Strengths & Weaknesses of CPV
All of us investing time and money into the movement seek to maximize our impact; CPV provides a quantitative framework for that effort. As a scientist at heart, this approach strikes me as compelling, even obvious. CPV is a critical tool that played an important role in winning the presidency; without it we’d be dumber, weaker, and less able to optimize our investments. In addition, CPV analysis has mobilized many individuals as donors, who appreciate the validation it provides.
But CPV has weaknesses that are easy for its users (including me) to underweight. I'll just discuss the most glaring limitation, which is that CPV ignores future impact.2 That’s a big gap.
CPV and the Stack
Just as Rome and Paris rest atop centuries of their own ruins, we stand atop (i.e. are beneficiaries of) a mountain built by past political investments. Let’s call that mountain “the Stack.”
The Stack consists of two categories: (1) Movement assets, and (2) Baseline voter mindsets.
1. Movement Assets, for example:
Human capital (both professionals and candidates)
Quality of data and tools
Local organizing networks
2. Baseline Voter Mindsets, for example:
Starting impressions of parties and candidates
Starting likelihood to vote3
Starting likelihood to participate in other ways (e.g. volunteer or donate)
CPV ignores a project’s contribution to the Stack. Therefore we can comfortably agree:
Unless the Stack is irrelevant, CPV is an incomplete measure.
CPV is a powerful tool to analyze and optimize within a certain set of tactics. But undue emphasis on it risks the “streetlight effect,” which is a “bias that occurs when people only search for something where it is easiest to look.”4
Augmenting CPV
To optimize investment across the full opportunity set, we need a new mental model to sit alongside CPV, something like “Cumulative contribution to the Stack.” I suspect that greater efforts to quantify such a metric would benefit the movement, even without randomized-trial-level rigor. Thoughtful back-of-the-envelope numbers are usually better than none at all.
Frameworks to analyze a broader set of projects would help practitioners and donors better allocate their time and money. In addition, by quantitatively analyzing a broader swath of projects, more of the movement would become fundable by donors seeking quantifiable impact.
Conclusion
CPV is a critical tool and I’ll keep using it. But it’s easy to overweight because our other quantitative tools are so limited, and I’ll try to keep that in mind as well.
I hope that we improve our ability to measure what CPV misses, so that CPV can become just one of several key evaluation metrics.
Closing questions
What metrics besides CPV have you used to compare projects?
What have you found to be the best descriptions of the CPV framework’s strengths and weaknesses?

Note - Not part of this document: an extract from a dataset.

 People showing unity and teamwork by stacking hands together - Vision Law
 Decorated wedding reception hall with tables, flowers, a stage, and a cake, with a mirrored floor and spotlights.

For readers far up the learning curve: I mean CPNDV, but say CPV for greater accessibility. All points apply equally.
Another important weakness of CPV is that it obfuscates the importance of earning harder-to-get votes. Weaknesses raised by others are that CPV is only usefully expressed as the cost per change in probability of winning an election, and that some ways it’s used contribute to problematic racial dynamics within the movement.
Multi-cycle turnout effects are the only part of the Stack where I’m aware of any RCT evidence. That evidence - just a small handful of studies - shows that these effects are positive but not game-changing.